A proper vertex colouring of a graph $G$ is a function $\kappa$ defined on
the vertices of $G$ such that if $v$ and $w$ are any two neighbouring
vertices, then $\kappa(v)$ does not equal $\kappa(w)$. A simple result in
graph theory is the following: let G be a finite graph such that each
vertex has degree at most $d$. Then there is a proper colouring of $G$
that uses at most $d+1$ colours. (This means that the function $\kappa$
takes at most d+1 distinct values.)To prove this, we choose some ordering of the vertices:
$v_1,v_2,\dots,v_n$ and colour them inductively as follows. Having
coloured $v_1,\dots,v_{k-1}$, we would like to colour $v_k$. By
hypothesis, $v_k$ has at most d neighbours, so there are at most d
neighbours of $v_k$ amongst the vertices $v_1,\dots,v_{k-1}$. Therefore,
there are at most $d$ colours that we must avoid when choosing a colour
for $v_k$. Since there are $d+1$ colours available to us, we can
arbitrarily choose some colour that is not one of the ones we have to
avoid. And thus the induction continues.
So this proof is saying that no two adjacent vertcies numbered from one to $k-1$ is of the same color?
$v_k$ has at most d neighbors means that $v_k$ is at most connected to $d$ vertices?
If $d=5$, then we must avoid 5 colors. We have $d+1=6$ colors available that we can choose. Shouldn't $d+1$ include the 5 we must avoid, so the number of colors available to color with is actually one or not $d+1$? But this is a contradiction. In fact, I think we don't know how many colors on the color palette we can choose.
Could we prove this by well-ordering principle?
I think I'd prove this via contradiction instead.
This proof doesn't mention the function $\kappa(v)$ once.
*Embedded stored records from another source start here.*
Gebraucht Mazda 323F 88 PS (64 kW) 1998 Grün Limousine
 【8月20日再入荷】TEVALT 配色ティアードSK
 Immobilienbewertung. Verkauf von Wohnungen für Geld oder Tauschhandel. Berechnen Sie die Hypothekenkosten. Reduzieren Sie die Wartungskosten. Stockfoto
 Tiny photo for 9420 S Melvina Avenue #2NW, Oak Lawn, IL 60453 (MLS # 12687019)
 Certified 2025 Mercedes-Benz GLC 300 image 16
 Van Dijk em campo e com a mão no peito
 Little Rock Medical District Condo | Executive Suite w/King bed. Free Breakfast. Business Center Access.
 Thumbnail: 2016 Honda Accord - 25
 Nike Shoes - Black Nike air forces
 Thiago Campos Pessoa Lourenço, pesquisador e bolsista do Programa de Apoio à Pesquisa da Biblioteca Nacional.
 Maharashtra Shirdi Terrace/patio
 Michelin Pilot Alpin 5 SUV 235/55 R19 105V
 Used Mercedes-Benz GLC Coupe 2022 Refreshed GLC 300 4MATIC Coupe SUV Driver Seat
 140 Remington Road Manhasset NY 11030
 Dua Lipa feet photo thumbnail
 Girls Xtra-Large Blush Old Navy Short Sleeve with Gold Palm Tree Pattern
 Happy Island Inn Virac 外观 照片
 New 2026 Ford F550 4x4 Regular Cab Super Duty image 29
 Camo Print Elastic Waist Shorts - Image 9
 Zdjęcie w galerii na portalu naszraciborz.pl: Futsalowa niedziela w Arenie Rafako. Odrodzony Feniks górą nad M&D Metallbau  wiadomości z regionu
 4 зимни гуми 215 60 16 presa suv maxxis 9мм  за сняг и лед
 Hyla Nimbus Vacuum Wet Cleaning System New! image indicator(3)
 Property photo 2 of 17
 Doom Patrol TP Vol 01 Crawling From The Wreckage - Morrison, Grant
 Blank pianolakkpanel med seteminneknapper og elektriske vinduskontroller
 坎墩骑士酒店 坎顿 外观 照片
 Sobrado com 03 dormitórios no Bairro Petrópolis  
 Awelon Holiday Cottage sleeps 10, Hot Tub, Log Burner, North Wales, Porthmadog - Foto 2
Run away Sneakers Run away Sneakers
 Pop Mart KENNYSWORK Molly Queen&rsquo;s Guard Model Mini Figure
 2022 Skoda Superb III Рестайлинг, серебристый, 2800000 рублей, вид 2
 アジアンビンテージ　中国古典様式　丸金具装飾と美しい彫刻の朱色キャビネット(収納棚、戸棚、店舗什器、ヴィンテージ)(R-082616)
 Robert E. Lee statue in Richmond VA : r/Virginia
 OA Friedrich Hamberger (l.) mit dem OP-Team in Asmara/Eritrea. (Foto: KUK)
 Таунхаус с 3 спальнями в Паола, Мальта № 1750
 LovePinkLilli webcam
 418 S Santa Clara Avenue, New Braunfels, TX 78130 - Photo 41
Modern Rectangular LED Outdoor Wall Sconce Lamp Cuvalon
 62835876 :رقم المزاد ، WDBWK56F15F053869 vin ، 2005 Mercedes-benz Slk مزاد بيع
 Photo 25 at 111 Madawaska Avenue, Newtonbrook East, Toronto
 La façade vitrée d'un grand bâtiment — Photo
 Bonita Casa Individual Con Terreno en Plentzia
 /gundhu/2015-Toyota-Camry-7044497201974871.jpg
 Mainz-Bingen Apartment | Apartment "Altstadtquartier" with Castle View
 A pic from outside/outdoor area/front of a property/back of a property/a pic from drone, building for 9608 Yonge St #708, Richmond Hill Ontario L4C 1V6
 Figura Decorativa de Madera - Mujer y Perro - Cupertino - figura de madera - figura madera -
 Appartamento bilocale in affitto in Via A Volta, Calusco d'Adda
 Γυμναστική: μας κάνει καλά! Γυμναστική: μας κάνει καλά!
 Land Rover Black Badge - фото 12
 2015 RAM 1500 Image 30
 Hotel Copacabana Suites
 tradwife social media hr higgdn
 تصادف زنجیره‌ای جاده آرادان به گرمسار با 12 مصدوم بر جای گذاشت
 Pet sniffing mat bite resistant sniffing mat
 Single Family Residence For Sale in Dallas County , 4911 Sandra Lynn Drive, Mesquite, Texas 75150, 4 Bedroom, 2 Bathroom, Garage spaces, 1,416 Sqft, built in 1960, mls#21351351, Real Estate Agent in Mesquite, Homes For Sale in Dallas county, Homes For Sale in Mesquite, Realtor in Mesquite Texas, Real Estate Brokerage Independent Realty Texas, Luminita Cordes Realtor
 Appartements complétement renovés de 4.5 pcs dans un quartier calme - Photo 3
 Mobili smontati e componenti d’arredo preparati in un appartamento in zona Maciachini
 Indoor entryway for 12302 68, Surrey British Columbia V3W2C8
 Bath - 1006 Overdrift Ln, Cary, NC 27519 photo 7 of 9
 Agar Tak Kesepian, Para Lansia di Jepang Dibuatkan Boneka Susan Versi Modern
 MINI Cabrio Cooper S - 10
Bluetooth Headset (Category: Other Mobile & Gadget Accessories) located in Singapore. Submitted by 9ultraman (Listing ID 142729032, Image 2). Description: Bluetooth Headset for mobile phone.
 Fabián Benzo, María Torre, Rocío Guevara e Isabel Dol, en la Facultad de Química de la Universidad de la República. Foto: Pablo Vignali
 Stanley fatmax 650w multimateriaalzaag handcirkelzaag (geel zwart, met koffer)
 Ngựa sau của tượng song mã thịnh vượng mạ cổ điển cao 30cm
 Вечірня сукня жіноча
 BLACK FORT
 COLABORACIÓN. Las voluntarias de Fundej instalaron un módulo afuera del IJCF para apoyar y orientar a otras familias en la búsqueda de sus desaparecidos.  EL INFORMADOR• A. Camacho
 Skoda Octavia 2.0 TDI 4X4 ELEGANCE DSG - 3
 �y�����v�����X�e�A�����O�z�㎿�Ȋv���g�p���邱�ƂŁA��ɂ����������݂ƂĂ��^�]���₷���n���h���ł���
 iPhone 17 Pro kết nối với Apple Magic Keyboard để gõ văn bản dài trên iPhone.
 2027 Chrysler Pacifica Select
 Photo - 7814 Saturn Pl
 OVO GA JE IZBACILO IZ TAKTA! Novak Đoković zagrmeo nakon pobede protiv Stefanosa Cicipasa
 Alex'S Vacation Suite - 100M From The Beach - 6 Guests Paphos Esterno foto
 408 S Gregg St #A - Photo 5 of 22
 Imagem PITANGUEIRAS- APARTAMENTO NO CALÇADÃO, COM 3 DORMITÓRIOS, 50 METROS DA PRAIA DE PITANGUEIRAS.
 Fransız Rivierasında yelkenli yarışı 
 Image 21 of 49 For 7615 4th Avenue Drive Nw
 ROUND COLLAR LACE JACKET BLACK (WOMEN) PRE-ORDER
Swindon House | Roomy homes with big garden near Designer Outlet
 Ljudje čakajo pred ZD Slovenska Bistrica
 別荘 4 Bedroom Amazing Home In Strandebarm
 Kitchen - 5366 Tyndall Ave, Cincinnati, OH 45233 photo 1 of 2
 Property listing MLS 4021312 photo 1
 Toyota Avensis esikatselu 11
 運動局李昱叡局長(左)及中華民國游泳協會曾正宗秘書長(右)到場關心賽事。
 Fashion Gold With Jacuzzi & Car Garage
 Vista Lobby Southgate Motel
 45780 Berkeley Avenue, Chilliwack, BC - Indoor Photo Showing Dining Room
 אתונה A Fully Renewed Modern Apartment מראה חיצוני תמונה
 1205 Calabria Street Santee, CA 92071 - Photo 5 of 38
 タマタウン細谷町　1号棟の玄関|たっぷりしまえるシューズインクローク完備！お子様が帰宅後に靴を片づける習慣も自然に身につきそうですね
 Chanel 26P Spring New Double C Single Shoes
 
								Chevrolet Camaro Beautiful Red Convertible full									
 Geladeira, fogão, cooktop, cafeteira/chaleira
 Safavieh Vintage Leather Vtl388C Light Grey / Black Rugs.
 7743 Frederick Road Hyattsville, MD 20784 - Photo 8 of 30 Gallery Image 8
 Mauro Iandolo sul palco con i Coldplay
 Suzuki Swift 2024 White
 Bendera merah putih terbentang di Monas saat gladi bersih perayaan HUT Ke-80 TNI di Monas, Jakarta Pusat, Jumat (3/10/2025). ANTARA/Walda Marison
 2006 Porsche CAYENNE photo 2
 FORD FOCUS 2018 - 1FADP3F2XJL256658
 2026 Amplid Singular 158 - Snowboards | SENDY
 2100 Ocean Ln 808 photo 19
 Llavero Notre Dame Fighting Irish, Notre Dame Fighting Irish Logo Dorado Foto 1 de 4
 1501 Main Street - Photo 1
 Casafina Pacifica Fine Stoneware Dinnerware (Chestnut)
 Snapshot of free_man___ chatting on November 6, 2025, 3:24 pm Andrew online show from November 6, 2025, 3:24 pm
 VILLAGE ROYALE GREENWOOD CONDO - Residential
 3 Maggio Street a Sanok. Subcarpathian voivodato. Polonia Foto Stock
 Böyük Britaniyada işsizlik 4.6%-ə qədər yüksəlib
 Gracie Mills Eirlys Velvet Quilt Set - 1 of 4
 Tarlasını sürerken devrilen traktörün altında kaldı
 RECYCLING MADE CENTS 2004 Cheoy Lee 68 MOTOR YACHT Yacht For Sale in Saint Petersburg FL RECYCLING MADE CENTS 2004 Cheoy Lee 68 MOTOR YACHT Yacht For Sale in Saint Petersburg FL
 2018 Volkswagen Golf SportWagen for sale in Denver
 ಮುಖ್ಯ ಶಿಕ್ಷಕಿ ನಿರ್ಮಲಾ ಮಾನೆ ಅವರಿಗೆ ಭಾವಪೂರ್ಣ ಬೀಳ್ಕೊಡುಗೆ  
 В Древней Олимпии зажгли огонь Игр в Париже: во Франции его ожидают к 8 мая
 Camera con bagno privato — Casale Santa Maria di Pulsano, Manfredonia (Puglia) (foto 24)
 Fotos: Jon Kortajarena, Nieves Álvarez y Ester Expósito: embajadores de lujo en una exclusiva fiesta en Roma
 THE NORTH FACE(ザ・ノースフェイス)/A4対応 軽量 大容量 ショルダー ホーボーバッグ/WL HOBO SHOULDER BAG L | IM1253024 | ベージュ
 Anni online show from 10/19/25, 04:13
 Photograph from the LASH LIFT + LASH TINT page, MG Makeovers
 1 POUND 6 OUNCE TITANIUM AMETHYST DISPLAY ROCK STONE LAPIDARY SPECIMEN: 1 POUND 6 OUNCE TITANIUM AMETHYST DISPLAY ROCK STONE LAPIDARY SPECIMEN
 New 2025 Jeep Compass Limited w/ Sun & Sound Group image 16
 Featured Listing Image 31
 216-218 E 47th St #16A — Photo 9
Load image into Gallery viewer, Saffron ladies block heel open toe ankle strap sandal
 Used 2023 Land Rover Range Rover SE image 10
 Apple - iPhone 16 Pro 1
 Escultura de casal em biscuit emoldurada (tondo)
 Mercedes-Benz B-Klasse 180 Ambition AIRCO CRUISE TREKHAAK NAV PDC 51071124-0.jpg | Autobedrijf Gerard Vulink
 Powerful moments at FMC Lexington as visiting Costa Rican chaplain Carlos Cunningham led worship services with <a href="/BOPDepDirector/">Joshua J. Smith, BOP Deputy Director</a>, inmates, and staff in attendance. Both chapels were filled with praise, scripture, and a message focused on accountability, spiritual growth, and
Why is $\kappa(v)$ mentioned?
Best Answer
Well yes, but more usefully it's saying that between those vertices which are adjacent to $v_k$, there are at most $d$ colours.
I think you're getting confused between the number of colours in our palette, and the number of colours we can validly assign to $v_k$. There are $d+1$ colours in our palette, but at most $d$ of those would result in an invalid colouring if applied to $v_k$.
Therefore, we always have at least one choice of colour for $v_k$ which will result in a valid colouring.
I don't see how the well-ordering principle is necessary or useful here.